(Brief): From the data below, repeat exactly the lines from the line with "A-Z Dog Breeds Watercolor Clip Arts" to the line with "DIY Bow Maker", both included.

(Dataset extract):
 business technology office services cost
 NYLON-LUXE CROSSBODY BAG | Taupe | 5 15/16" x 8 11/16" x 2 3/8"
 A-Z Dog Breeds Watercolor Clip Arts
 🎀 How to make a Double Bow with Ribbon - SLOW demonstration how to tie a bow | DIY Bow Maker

==

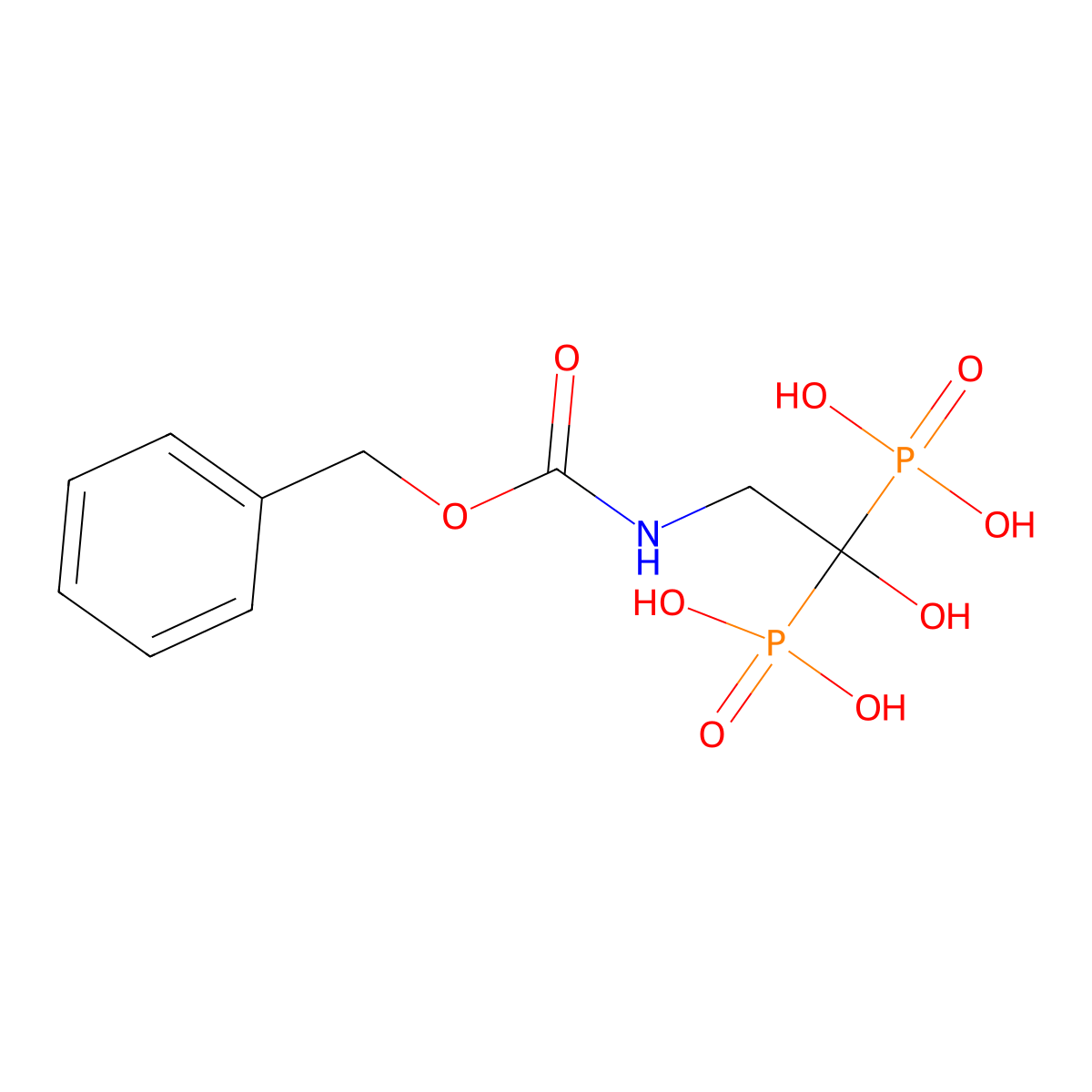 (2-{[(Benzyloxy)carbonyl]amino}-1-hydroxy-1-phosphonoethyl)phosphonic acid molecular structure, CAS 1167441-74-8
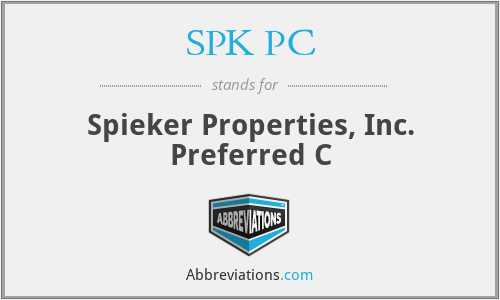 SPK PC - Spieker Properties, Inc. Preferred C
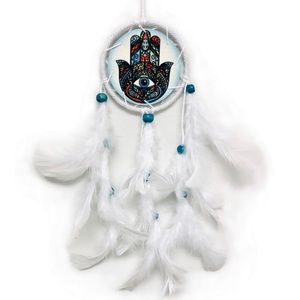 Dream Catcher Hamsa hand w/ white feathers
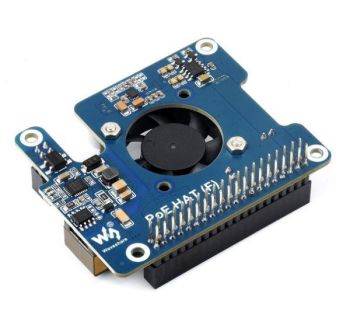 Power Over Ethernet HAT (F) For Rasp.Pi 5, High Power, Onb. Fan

...

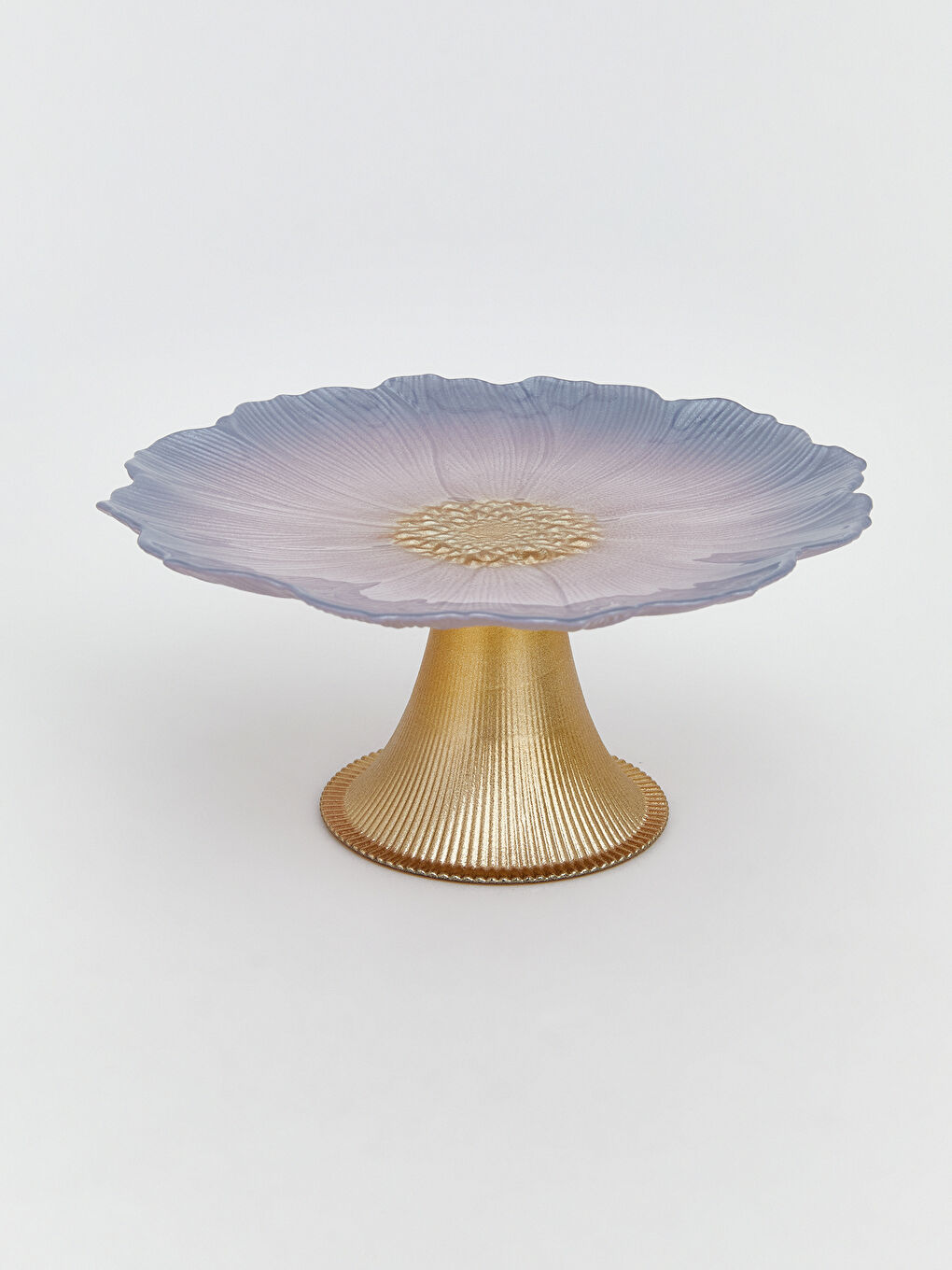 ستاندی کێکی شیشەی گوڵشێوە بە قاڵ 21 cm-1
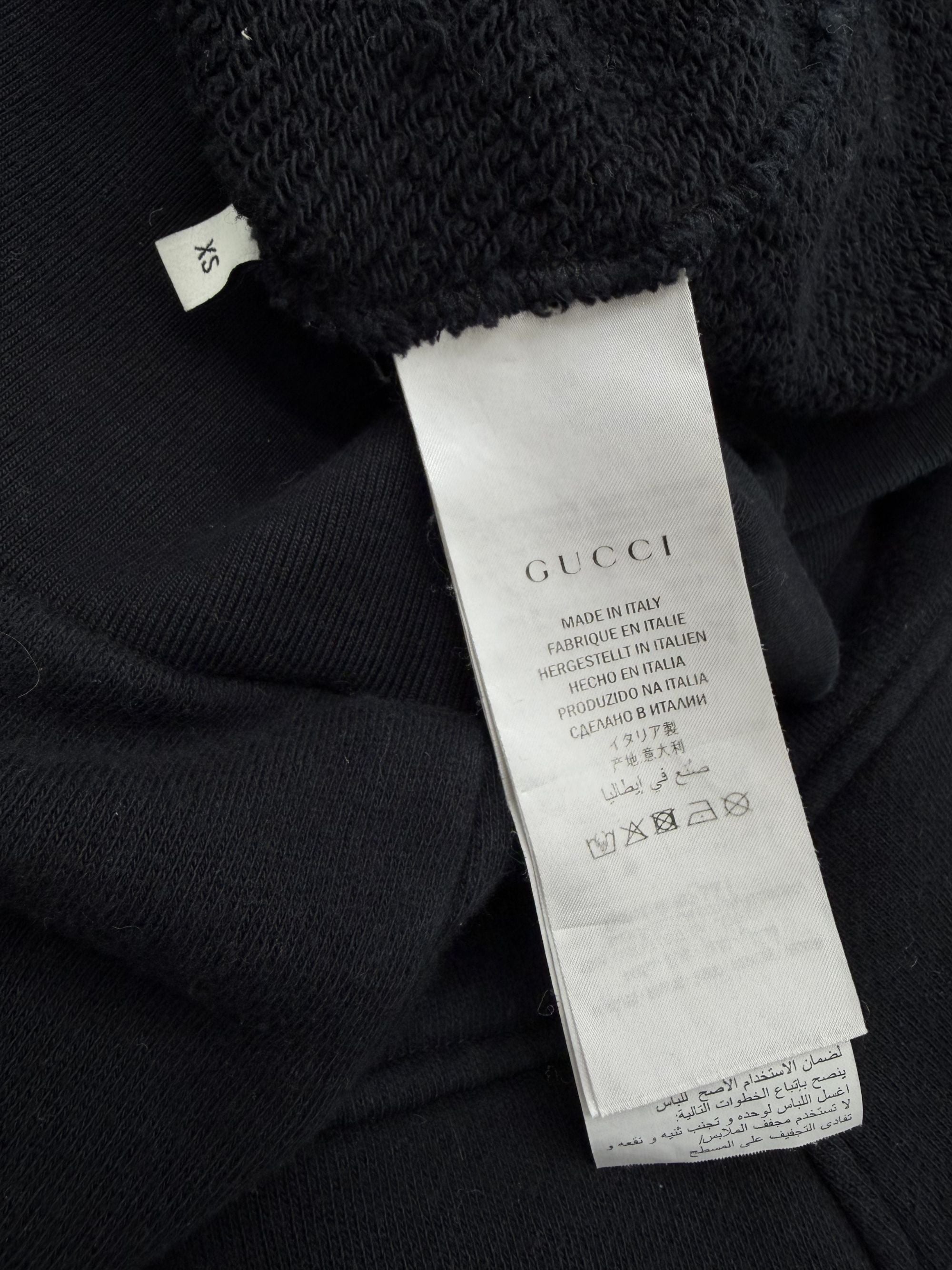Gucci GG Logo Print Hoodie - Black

(Your response):
 A-Z Dog Breeds Watercolor Clip Arts
 🎀 How to make a Double Bow with Ribbon - SLOW demonstration how to tie a bow | DIY Bow Maker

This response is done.